Qu'est-ce qu'une nation ?


Je me propose d'analyser avec vous une idée, claire en apparence, mais qui prête aux plus dangereux malentendus. Les formes de la société humaine sont des plus variées. Les grandes agglomérations d'hommes à la façon de la Chine, de l'Égypte, de la plus ancienne Babylonie ; - la tribu à la façon des Hébreux, des Arabes ; - la cité à la façon d'Athènes et de Sparte ; - les réunions de pays divers à la manière de l'Empire carlovingien ; - les communautés sans patrie, maintenues par le lien religieux, comme sont celles des israélites, des parsis ; - les nations comme la France, l'Angleterre et la plupart des modernes autonomies européennes ; - les confédérations à la façon de la Suisse, de l'Amérique ; - des parentés comme celles que la race, ou plutôt la langue, établit entre les différentes branches de Germains, les différentes branches de Slaves ; - voilà des modes de groupements qui tous existent, ou bien ont existé, et qu'on ne saurait confondre les uns avec les autres sans les plus sérieux inconvénients.

À l'époque de la Révolution française, on croyait que les institutions de petites villes indépendantes, telles que Sparte et Rome, pouvaient s'appliquer à nos grandes nations de trente à quarante millions d'âmes. De nos jours, on commet une erreur plus grave : on confond la race avec la nation, et l'on attribue à des groupes ethnographiques ou plutôt linguistiques une souveraineté analogue à celle des peuples réellement existants. Tâchons d'arriver à quelque précision en ces questions difficiles, où la moindre confusion sur le sens des mots, à l'origine du raisonnement, peut produire à la fin les plus funestes erreurs. Ce que nous allons faire est délicat ; c'est presque de la vivisection ; nous allons traîter les vivants comme d'ordinaire on traite les morts.

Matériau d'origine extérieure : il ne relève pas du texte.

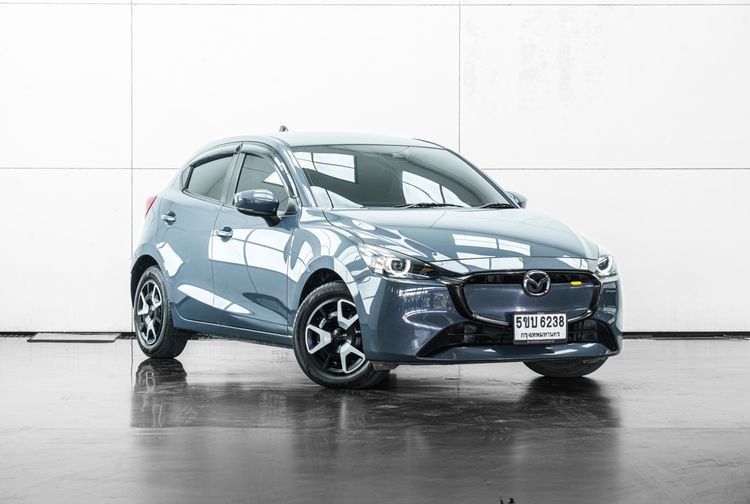 Mazda Mazda 2 2023 1.3 C Sports Sedan เบนซิน ไม่ติดแก๊ส เกียร์อัตโนมัติ เทา รูปที่ 2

Nous y mettrons la froideur, l'impartialité la plus absolue.


I

Depuis la fin de l'Empire romain, ou, mieux, depuis la dislocation de l'Empire de Charlemagne, l'Europe occidentale nous apparaît divisée en nations, dont quelques-unes, à certaines époques, ont cherché à exercer une hégémonie sur les autres, sans jamais y réussir d'une manière durable. Ce que n'ont pu Charles-Quint, Louis XIV, Napoléon Ier, personne probablement ne le pourra dans l'avenir. L'établissement d'un nouvel Empire romain ou d'un nouvel Empire de Charlemagne est devenu une impossibilité. La division de l'Europe est trop grande pour qu'une tentative de domination universelle ne provoque pas très vite une coalition qui fasse rentrer la nation ambitieuse dans ses bornes naturelles. Une sorte d'équilibre est établi pour longtemps. La France, l'Angleterre, l'Allemagne, la Russie seront encore, dans des centaines d'années, et malgré les aventures qu'elles auront courues, des individualités historiques, les pièces essentielles d'un damier, dont les cases varient sans cesse d'importance et de grandeur, mais ne se confondent jamais tout à fait.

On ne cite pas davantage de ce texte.